Avec le retour de l’inflation en 2021, l’attention se focalise sur les banques centrales dont le mandat est axé sur la stabilité des prix. Entre le 15 et le 17 décembre 2021, la Réserve fédérale, la Banque d’Angleterre (BoE), la Banque centrale européenne (BCE) et la Banque du Japon (BoJ) ont tenu leur dernière réunion de politique monétaire de l’année 2021. Quels enseignements peut-on tirer de ces réunions quant à la politique d’achat d’actifs et l’orientation de la politique monétaire en 2022 ? Faut-il s’attendre à une hausse rapide des taux d’intérêt ? Malgré l’incertitude qui subsiste sur l’évolution de la pandémie et ses conséquences sur l’activité au premier semestre 2022, les banques centrales ont progressivement révisé leur appréciation de la situation face à l’augmentation de l’inflation. Elles considèrent désormais que le choc inflationniste se prolongera en 2022. Partant de ce constat, les anglais ont été les premiers à tirer puisque la BoE a annoncé une première hausse de son taux directeur. La Réserve fédérale devrait suivre en 2022 présageant donc d’un début de normalisation. Quant à la BCE, malgré l’arrêt d’un programme d’achats d’actifs spécifique à la crise sanitaire, la normalisation de la politique monétaire n’est pas encore envisagée. Dans tous les cas, la dernière réunion ne suggère pas de hausse de taux en 2022 dans la zone euro.

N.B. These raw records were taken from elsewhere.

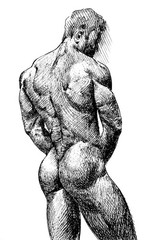 PRINT on paper Collectible nude male nude figure Certificate. print LGBT 8×11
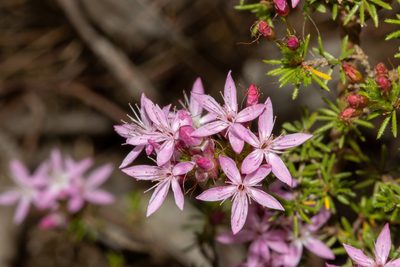 Calytrix tetragona, photographed by T. Hammer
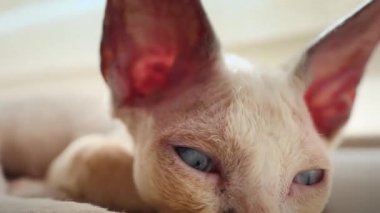 close-up blue eyes of a funny devon rex kitten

Les banques centrales révisent à la hausse l’inflation anticipée

La flambée récente des prix dans l’ensemble des pays industrialisés et émergents s’explique en grande partie par le rebond du prix de l’énergie et de nombreuses matières premières en lien avec les effets de la crise sanitaire sur la situation économique mondiale en 2020 et 2021[1]. Cette situation fait suite à une longue période caractérisée par une faible inflation et qui avait poussé les banques centrales à fixer leur taux d’intérêt à un niveau très bas et à mettre en œuvre des politiques monétaires non-conventionnelles via notamment des politiques d’achats d’actifs. Ces politiques, qui se sont traduites par une forte augmentation de leur bilan, visaient à réduire les taux de long terme[2]. Or, la stabilité des prix est un élément primordial du mandat des banques centrales. Il est donc naturel que les tensions inflationnistes récentes posent la question de leur réaction et d’un éventuel durcissement de l’orientation de la politique monétaire puisque l’inflation se situe nettement au-dessus de la cible de 2 % généralement retenue par les banques centrales pour juger de la stabilité des prix[3]. En effet, en décembre 2021, le glissement annuel de l’indice des prix à la consommation a atteint 5 % en zone euro et 5,1 % au Royaume-Uni en novembre (graphique 1). Aux États-Unis, le déflateur des prix à la consommation – indicateur suivi par la Réserve fédérale – progressait de 5,7 %, niveau qui n’avait pas été observé depuis le début des années 1980[4]. Au-delà de l’effet lié au prix de l’énergie, les indices sous-jacents affichent également une progression. Dans la zone euro, le glissement annuel est en effet passé de 0,4 % en décembre 2020 à 2,7 % un an plus tard tandis qu’aux États-Unis, le sous-jacent du déflateur de la consommation atteignait 4,7 % en novembre[5].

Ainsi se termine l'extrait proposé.